* Required action
The records that follow are to be transcribed in full, leaving out each picture.
━━ Data for review ━━
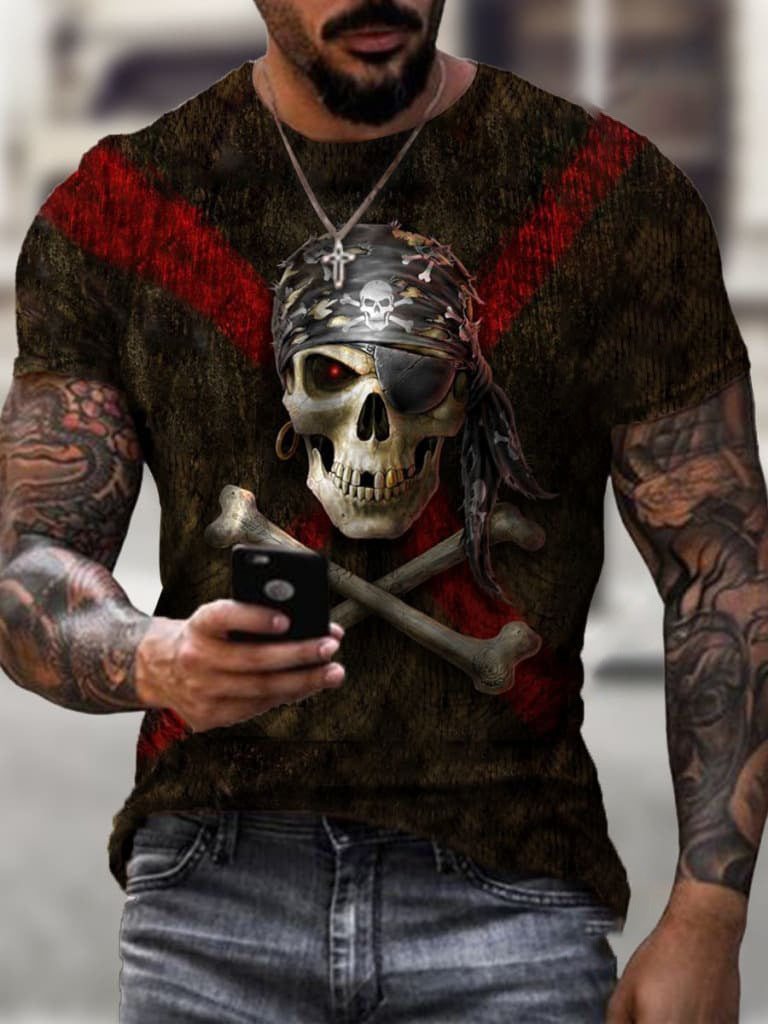 Download main imagesDownload variant imagesDownload description imagesSkull pattern men's t-shirt horror O-neck t-shirt summer fashion top boy clothing large size streetwear men's hip hop 3D shirt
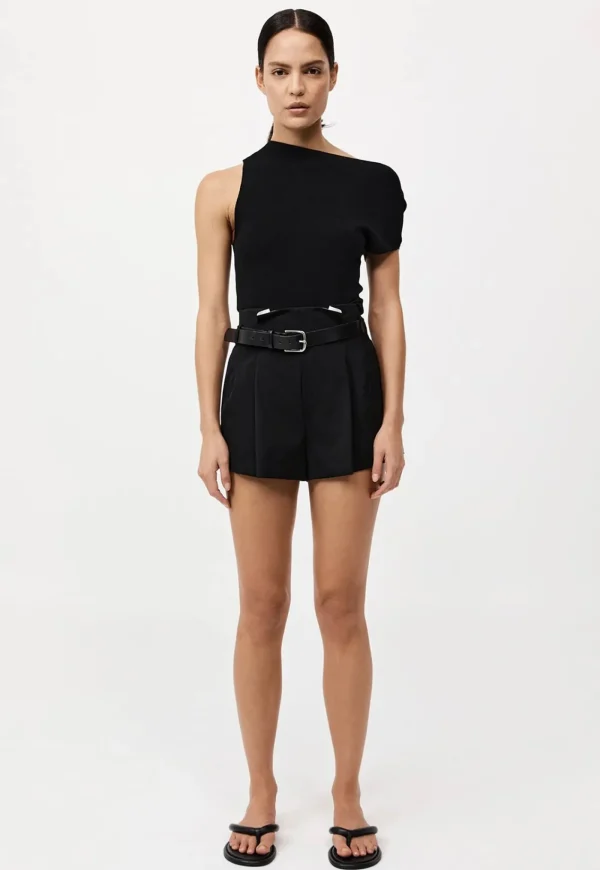 Fashion Asymmetric Knit Top - Black Women Tops & Tees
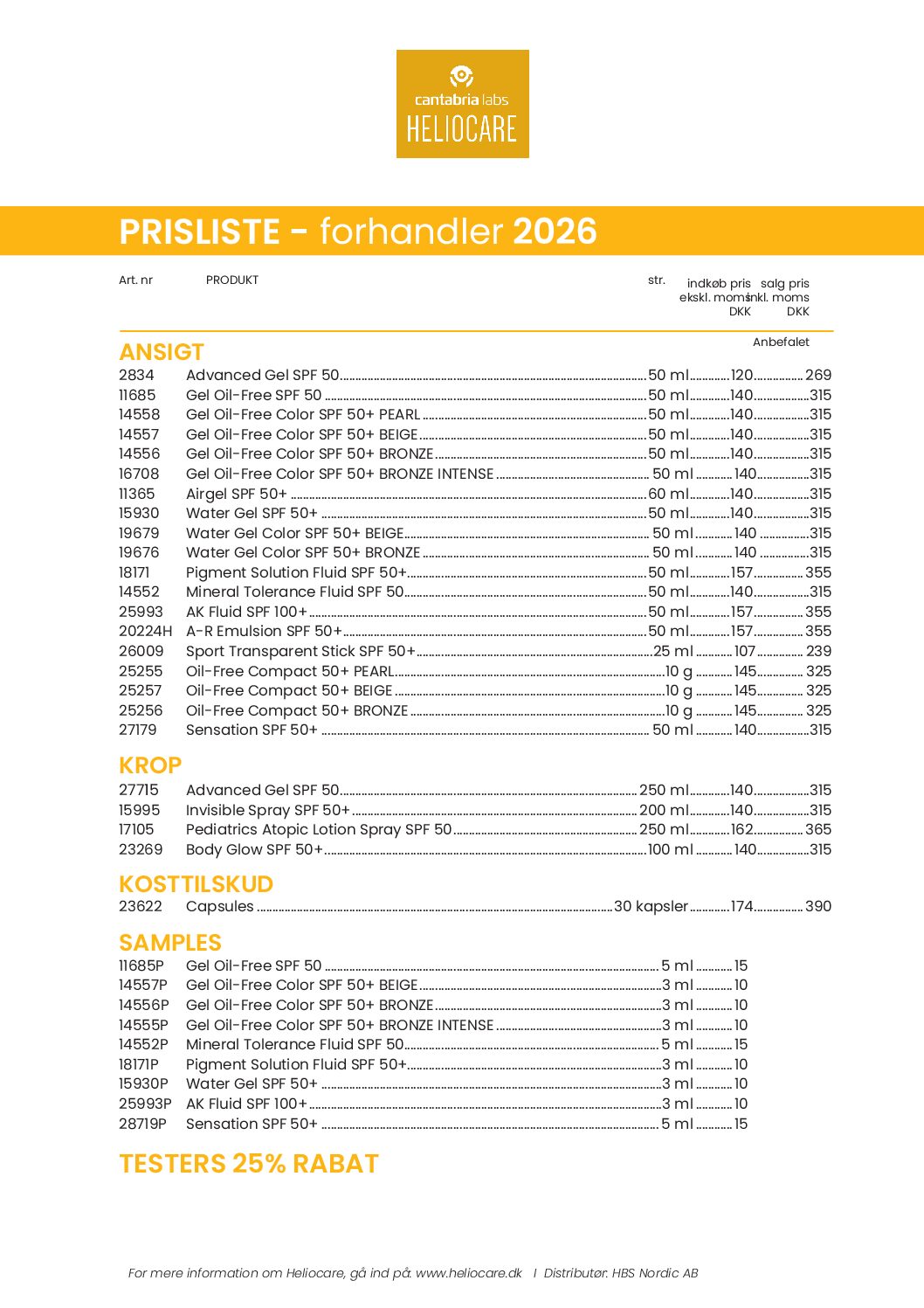 Prislista Heliocare 2026 (Forhandler)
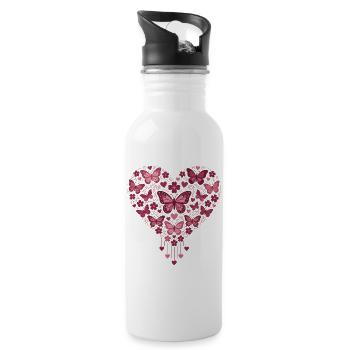 Pink Blooming Butterfly Heart - Water bottle with straw - white - Right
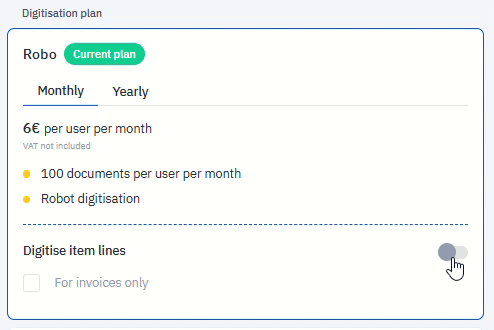 Setting for enabling invoice line digitisation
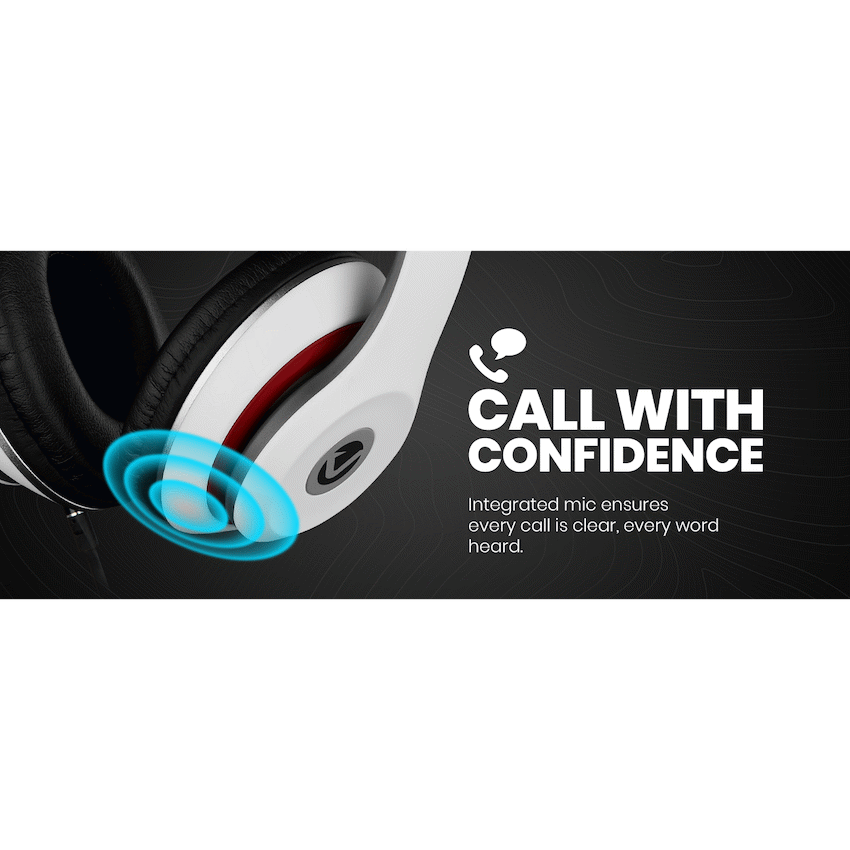 Volkano Falcon Series Headphones with Microphone - White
━━━
* Finished task
 Download main imagesDownload variant imagesDownload description imagesSkull pattern men's t-shirt horror O-neck t-shirt summer fashion top boy clothing large size streetwear men's hip hop 3D shirt
 Fashion Asymmetric Knit Top - Black Women Tops & Tees
 Prislista Heliocare 2026 (Forhandler)
 Pink Blooming Butterfly Heart - Water bottle with straw - white - Right
 Setting for enabling invoice line digitisation
 Volkano Falcon Series Headphones with Microphone - White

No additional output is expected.